Do you remember God’s words in Isaiah? “Why would you ever complain, O Jacob, or whine, Israel, saying, ‘God has lost track of me. He doesn’t care what happens to me’? Don’t you know anything? Haven’t you been listening? God doesn’t come and go. God lasts. He’s Creator of all you can see or imagine. He doesn’t get tired out, doesn’t pause to catch his breath. And he knows everything, inside and out. He energizes those who get tired, gives fresh strength to dropouts. For even young people tire and drop out, young folk in their prime stumble and fall. But those who wait upon God get fresh strength. They spread their wings and soar like eagles, They run and don’t get tired, they walk and don’t lag behind.”
We say we need God, but we continue to drink polluted water, rush ahead of His sovereign will, and become strained under the weight of worry and fear. The vision is marred in the midst of normal life, we overlook the original glory for which we were created, slip into the habits of the old man, become despondent when the troubles of normal life approach, and fail to remember that God longs to draw near in the trouble—helping us find the faith that is worth more than gold.
Ultimately, we forget that the Holy Dove has filled the redeemed with longings that He alone can satisfy.

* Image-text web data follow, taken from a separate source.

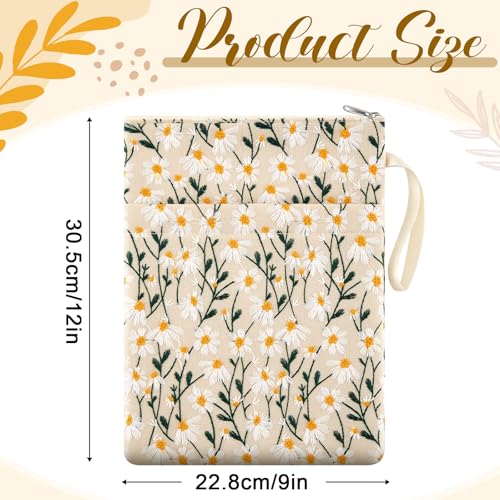 Yeyeplum 12''x9'' Daisy Embroidered Book Sleeve with Cotton Lining with Handle and Zipper Book Protector for Paperback and Hardcover, Christmas Ideal Gift Book Sleeve Pouch for Book Lovers(White) - Image 4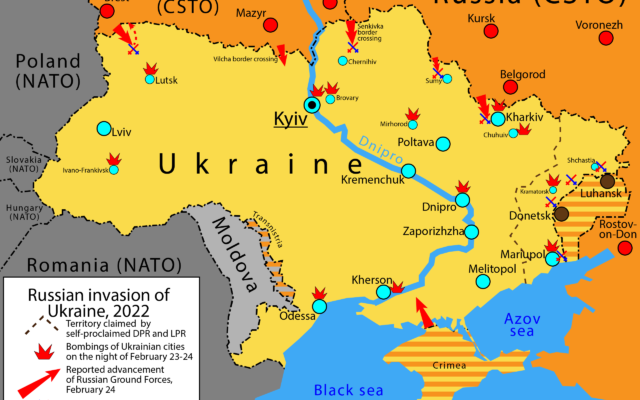 War in Ukraine, developments February 22-23, 2022 (Creative Commons)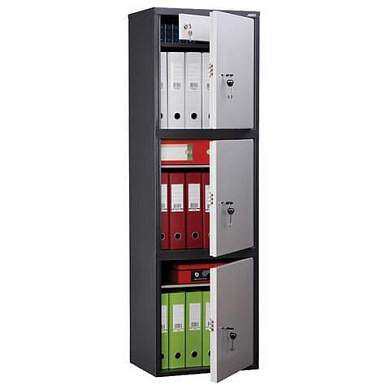 Шкаф металлический для документов AIKO "SL-150/3Т" ГРАФИТ, 1490х460х340 мм, 37 кг, S10799153502 (арт. 291203)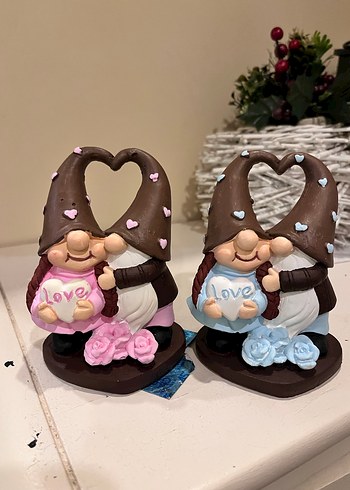 Kalpli Şapkalı Sevimli Figürin Çift - Görsel 2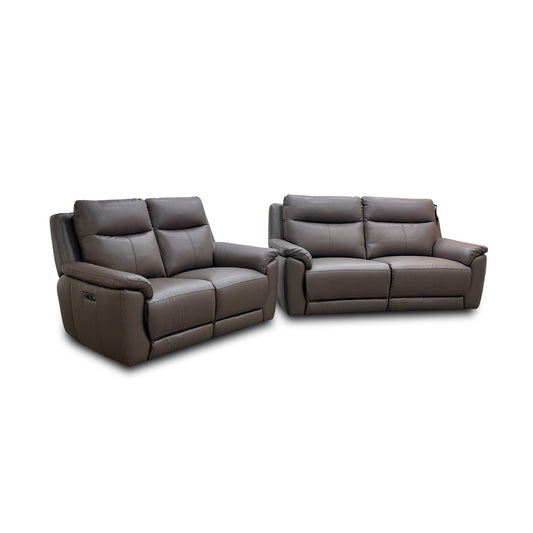 'Bobby' Leather Cat-35/04 Oyster 3 + 2 Seater Power Recliner Sofa Set
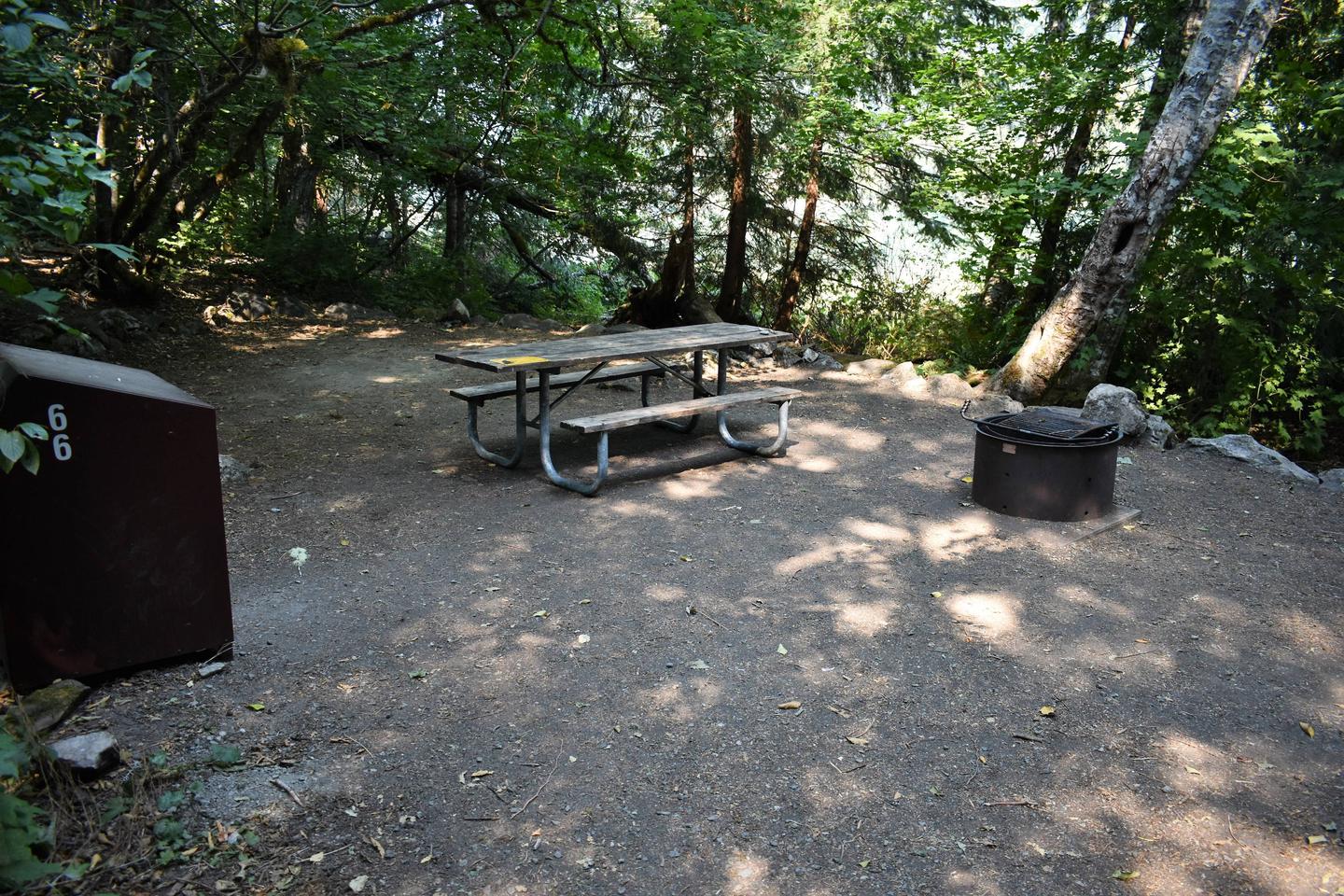Food storage locker, picnic table, and fire ringView of campsite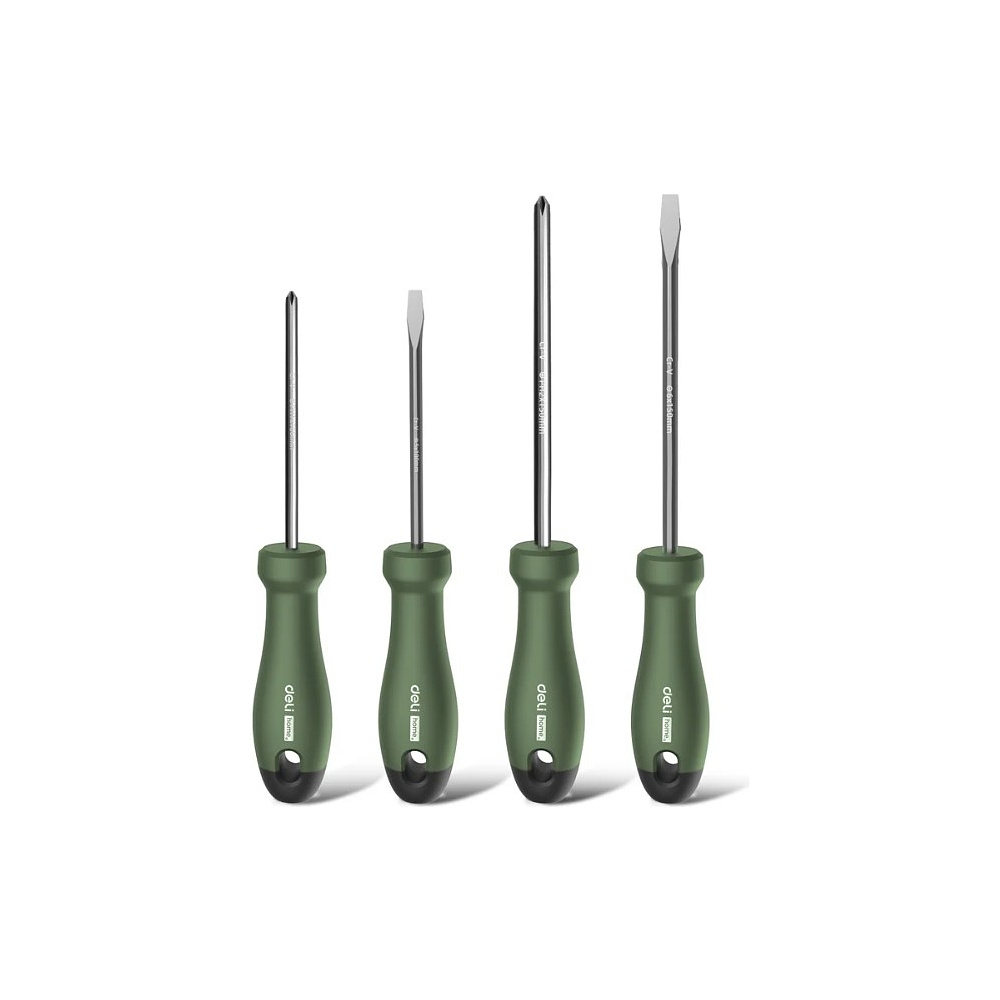 Набор отверток Deli HS HT1004L, 4 шт. ( PH1х100,PH2х150,SL5х100,SL6х150), Soft Touch, зеленый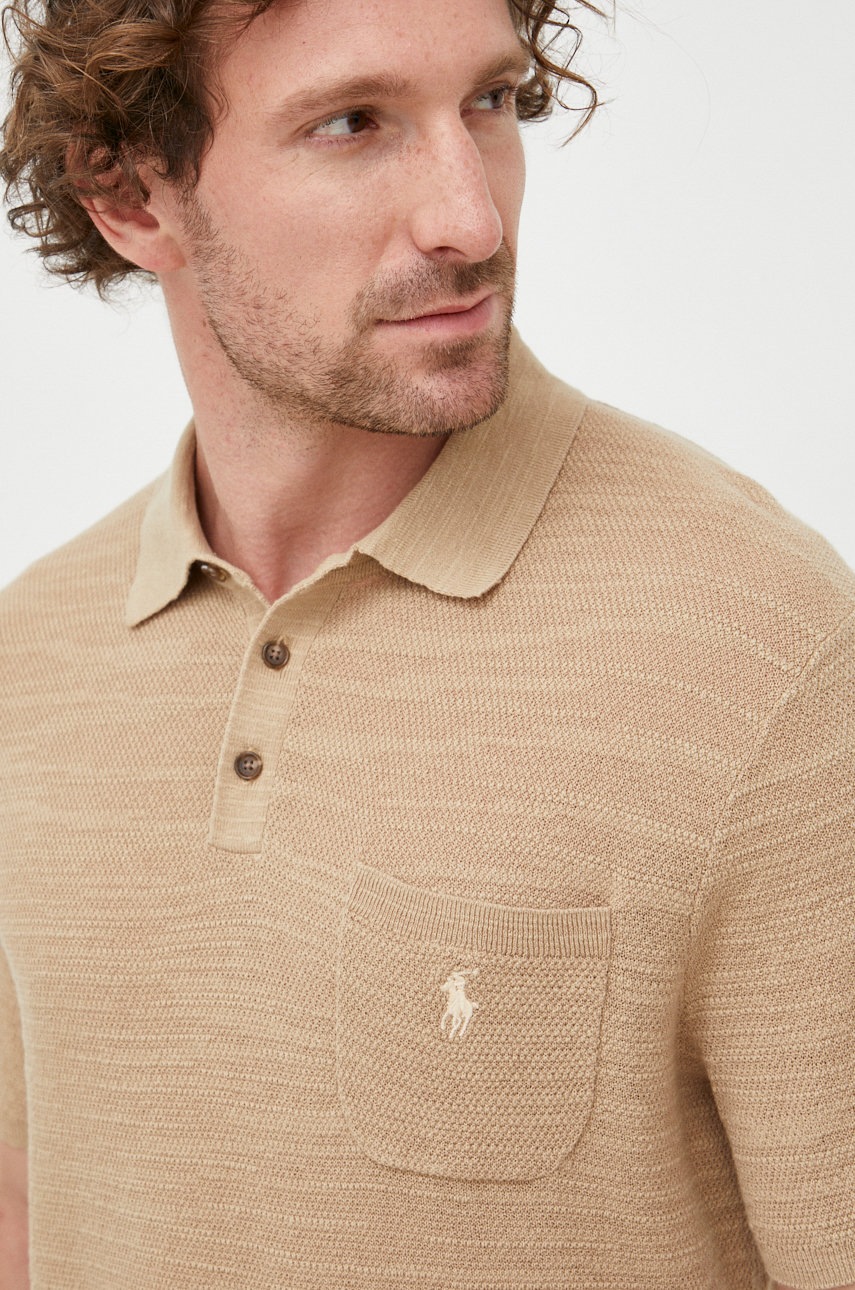 

Тениска с яка с лен Polo Ralph Lauren в бежово с изчистен дизайн, Бежов
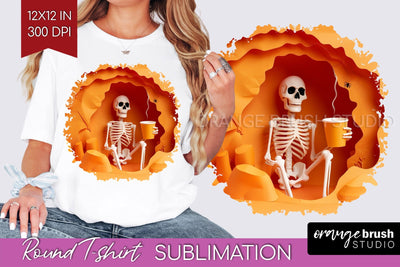 3D Halloween Round Tshirt Background, Spooky Tshirt PNG Sublimation OrangeBrushStudio 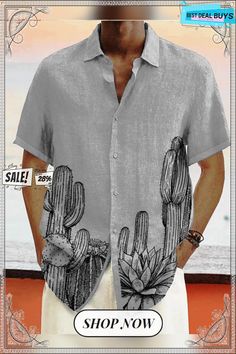 Men's Linen Shirt Summer Shirt Beach Shirt Turndown Summer Short Sleeve White Pink Blue Cactus Casual Daily Clothing Apparel Print Casual Hawaiian Shirt With Casual Collar For Vacation, Casual Summer Tops With Plant Print, Casual Tops With Printed Casual Collar, Casual Camp Shirt With Pockets For Vacation, Summer Casual Hawaiian Shirt, Casual Printed Hawaiian Shirt With Relaxed Fit, Casual Short Sleeve Shirt With Plant Print, Casual Summer Shirt With Plant Print, Casual Printed Tops With Camp Collar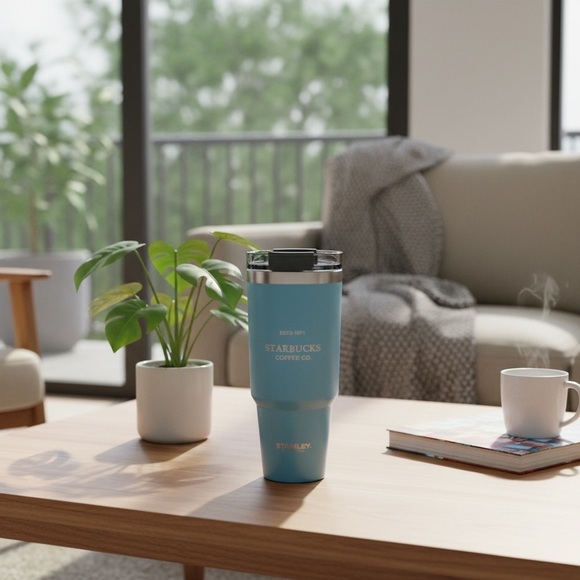 Starbucks Other - Starbucks Light Blue Stainless-Trim Travel Tumbler​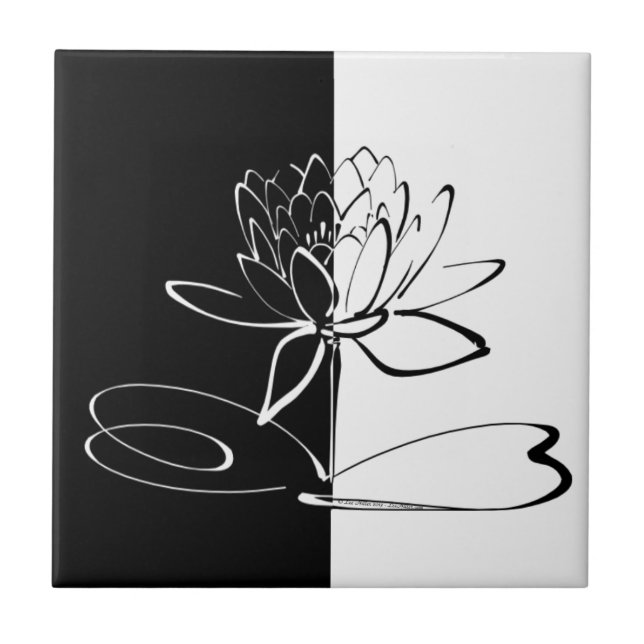 Yin Yang Black White Lotus Blossom Tile (Front)
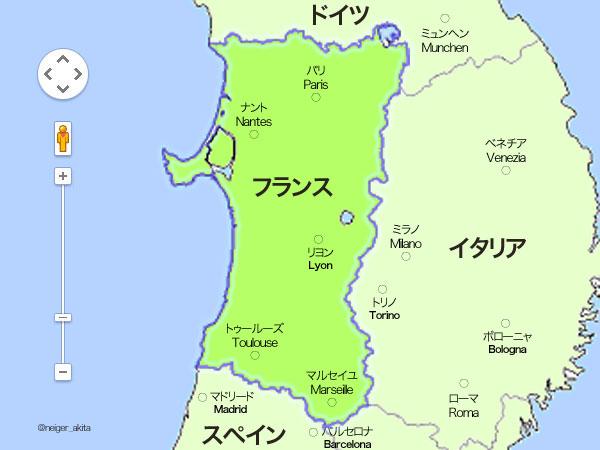 日本地図ヨーロッパ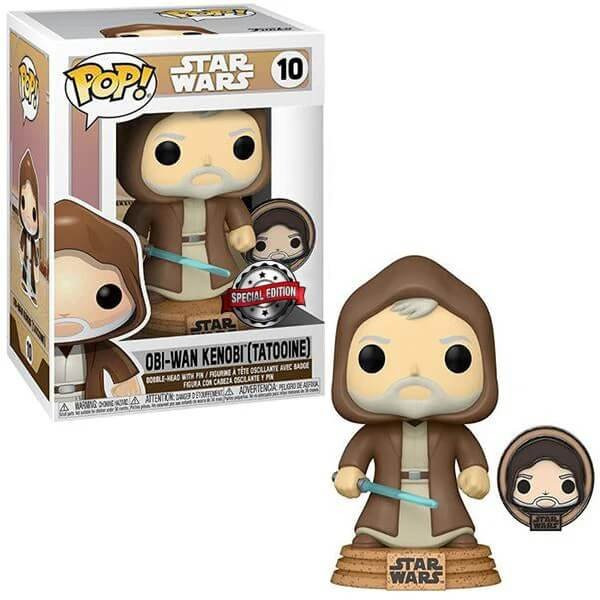 Funko POP Star Wars - Obi-Wan Kenobi (Tatooine) with Pin 10 Bobble-Head Special Edition Exclusive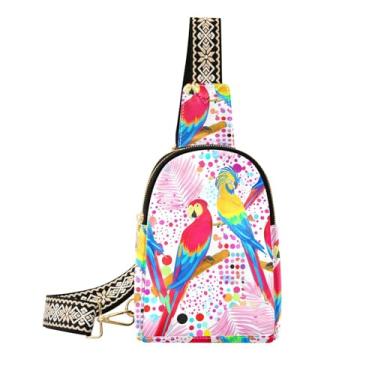 Imagem de CEBUGI Bolsa tiracolo feminina Parrot pequena de couro, pochete transversal para trilhas, viagens ao ar livre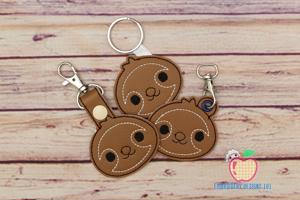 Cute Sloth Face ITH Keyfob Design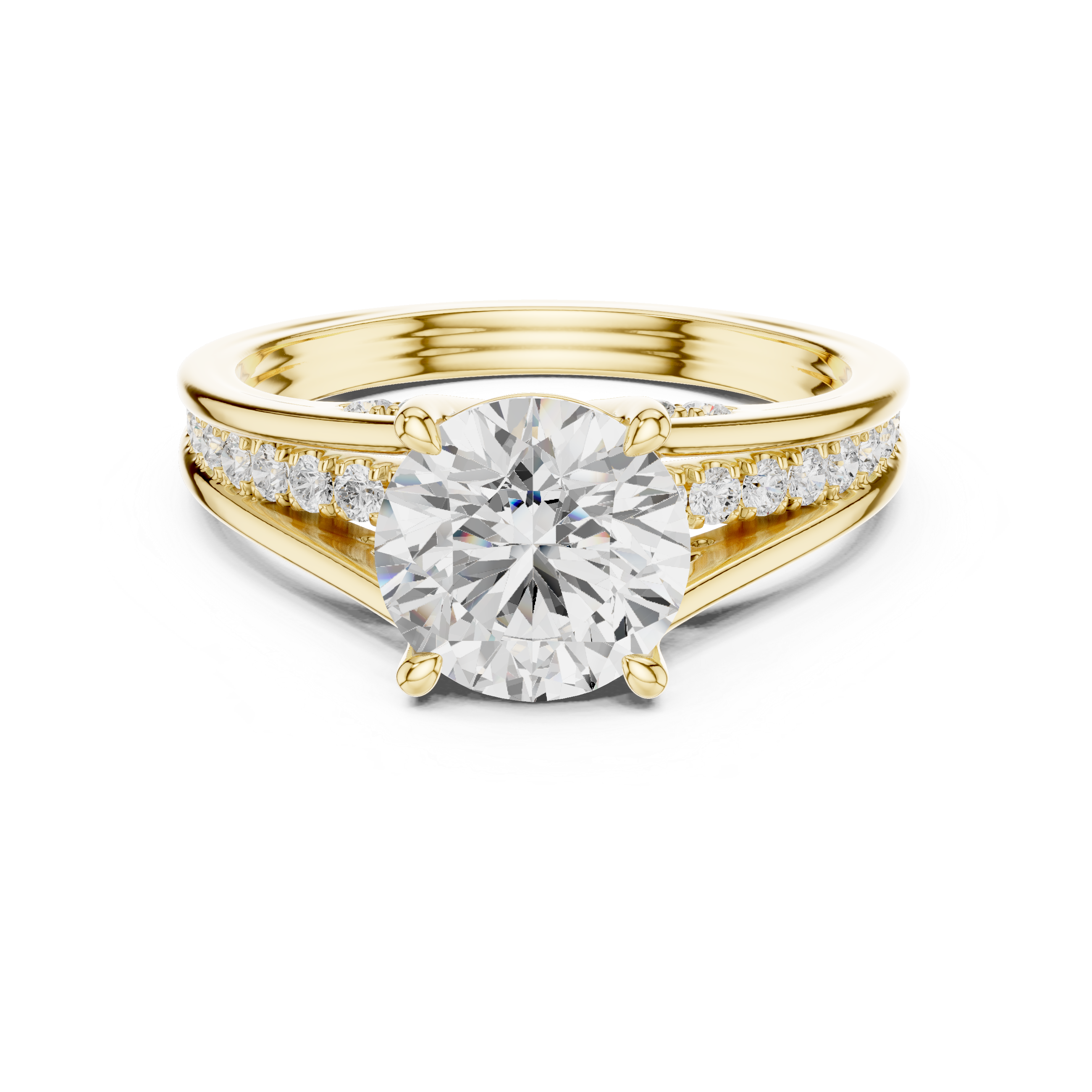 Eternity band with diamond circle.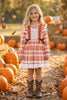 Burnt Orange plaid dress with lace detail. DRG63457 MON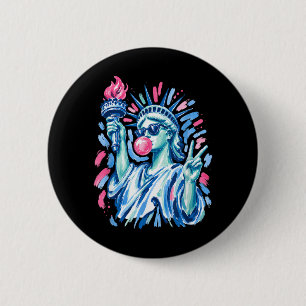 Macaron Rond 5 Cm Statue de la Liberté Préparée pour le 4 Juillet qu
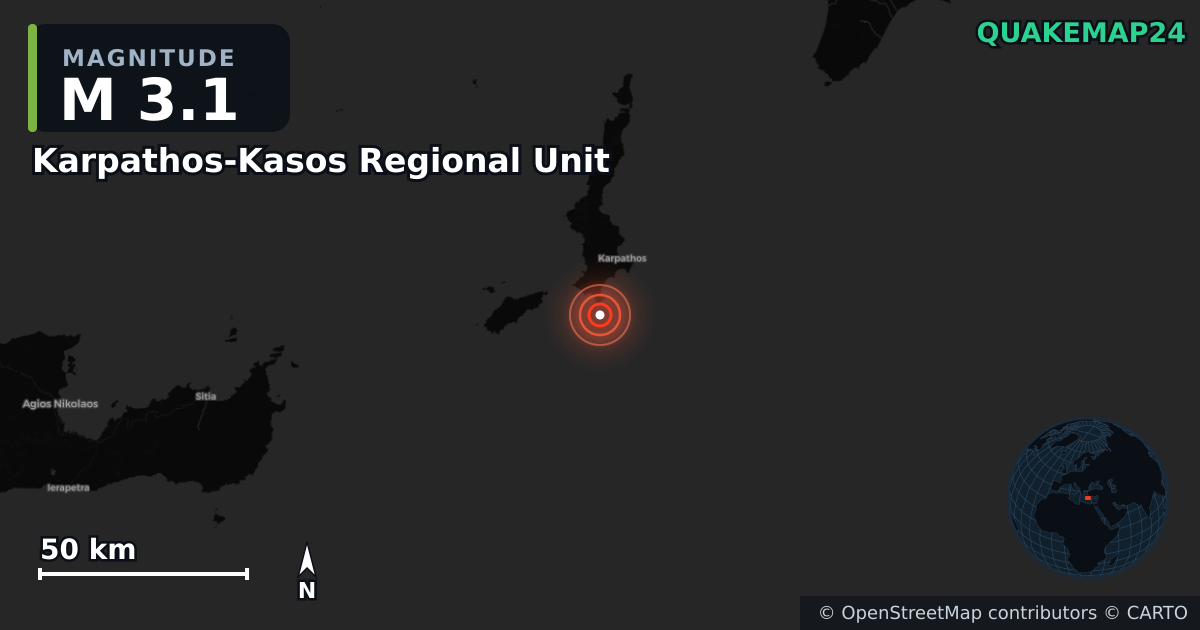 M3.1 earthquake near Karpathos-Kasos Regional Unit on Jul 14, 2026 — map of epicenter and shaking intensity | QuakeMap24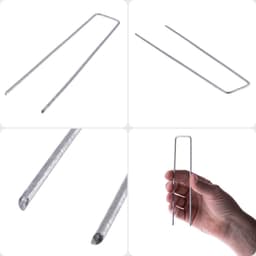 KADAX grondanker 150 x 40 mm, 50 stuks, grondanker van verzinkt staal, grondhaken voor het veilig bevestigen van onkruiddoek, haringen voor gazongrids, grondnagels (zilver) — thumbnail 3
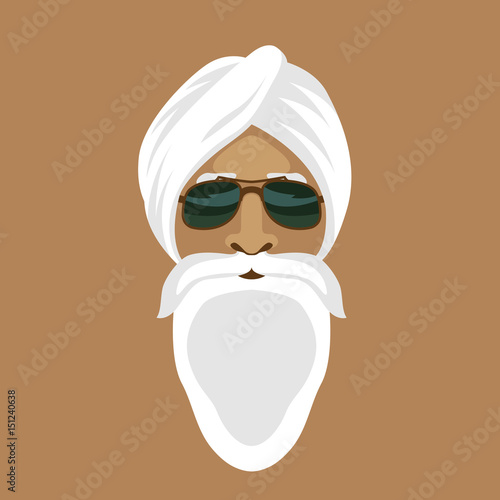  man in a turban  vector illustration Flat style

How do we find our way back to the source? Journey back to the land of Edom, near Mont Hor, to one of the clearest portraits of Christ in the Pentateuch, where we find ready atonement, the necessity of decision—and transformation. The ready atonement is the bronze serpent, high and lifted up; the necessity of decision is the enigma of free will that is placed before all of us; and the transformation is the result of what Elisabeth Elliot called the glad surrender.
What is surrender but the relinquishing of my right and will and the embracing of His desires? Surrender lays down the shadow-land’s weapons and picks up the heavenly armor, preparing our spirits and minds for the war of our times, and ultimately engaging in the battle so few recognize. Surrender chooses to lay aside the weights that keep us from running the race; it’s disciplines our will, mind, and emotions according to the grid of Scripture; and prefers to delight in the Source of vision and purpose. Ultimately, surrender chooses to see Christ for who He is: the Holy and Perfect Word of God, Sacrificial Lamb, Resurrected Lord, and Merciful Saviour who now lives to intercede for us.
Turning drudgery to delight is akin to feasting from the table of grace rather than sponging on the floor, searching for crumbs from the table. The daily transformation takes time. It’s okay to sit in the highchair at the table of grace, learning to drink in His goodness, and feasting on His faithfulness.
So often I forget to think about life and go from day to day without seeing the ultimate reality. But I’m learning that God is in the present, and that’s where He wants me to live, too.
“I came that they might have life, and have it to the full.”